MEN’S 100 FLY — BY THE NUMBERS:

Since 2017, the men’s 100 butterfly has been dominated by one name on American soil: Caeleb Dressel. The current world record holder in the event, Dressel has won this event at every US Trials meet since the 2017 US International Team Trials, becoming a staple on every roster. However, with Dressel just recently returning to competition following a several month long hiatus from swimming, the field looks as open as it has in several years.

The Dressel

The Knowns

As the defending Olympic Champion, current World and American Record Holder, and the reigning US Trials Champion, Dressel has been at the top of the World Rankings in this event for years. Over this undisputed run of dominance in this event, Dressel has left little doubt about his ability to get his hands to the wall first. In any normal year, this event would be a runaway for him, as his best time ranks almost a second clear of any other active American swimmer.

The Unknowns 

As previously mentioned, Dressel took several months off after his early departure from the 2022 World Championships last summer, just recently getting back into the pool. At the Atlanta Classic about a month ago, his first meet since the World Championships, Dressel clocked a time of 52.41. His swim was almost three seconds off of his best time, and only ranks him as the 8th-fastest American this season. He later entered the 100 butterfly at the FAST Senior Open a few weeks after the Atlanta Classic, but scratched everything except the 100 freestyle.

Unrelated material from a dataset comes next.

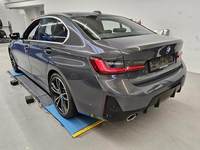 Vista traseira esquerda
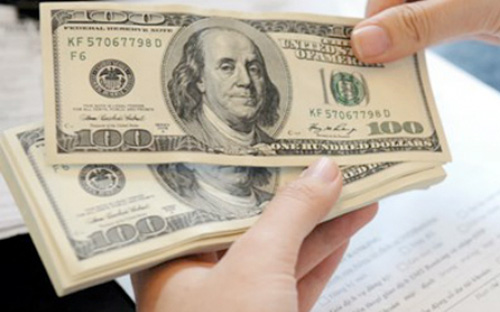 Những năm gần đây, năm nào cán cân tổng thể cũng thặng dư lớn, cỡ 8 - 10 tỷ USD mỗi năm. Nhưng dự trữ ngoại hối không tăng tương ứng. <br>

However, if Dressel has proven one thing over the course of his career, it’s to never doubt his ability to get his hand to the wall first. It’s likely that some of the swimmers ranked ahead of him, like Ryan Murphy, will not be swimming this event at Trials, increasing his odds of making it back to the World Championship stage. Though there’s still doubt about whether he even swims the event at Trials, given his current circumstances, he’ll have a shot if he does. It’s also entirely possible Dressel forgoes this event all-together, opting to stick to the freestyle events and the Team USA relays.

The Challengers

The Veterans

Aside from Dressel, there’s a swarm of veteran talent in this event lined up to take a shot at the top two.

Shaine Casas currently leads all Americans this season with his time of 50.80 from the Pro Swim Series stop on Ft. Lauderdale, making himself the only American to go under 51 seconds this season. Casas holds a best time of 50.40 that he swam at the 2022 US National Championship just a few weeks after the World Championships. Though he didn’t qualify to swim the event at Worlds, his time would have been good for a silver medal in the event. Without much focus in the 100 butterfly leading up to the 2022 US International Team Trials, Casas left himself, undoubtedly, with a potential medal still on the table.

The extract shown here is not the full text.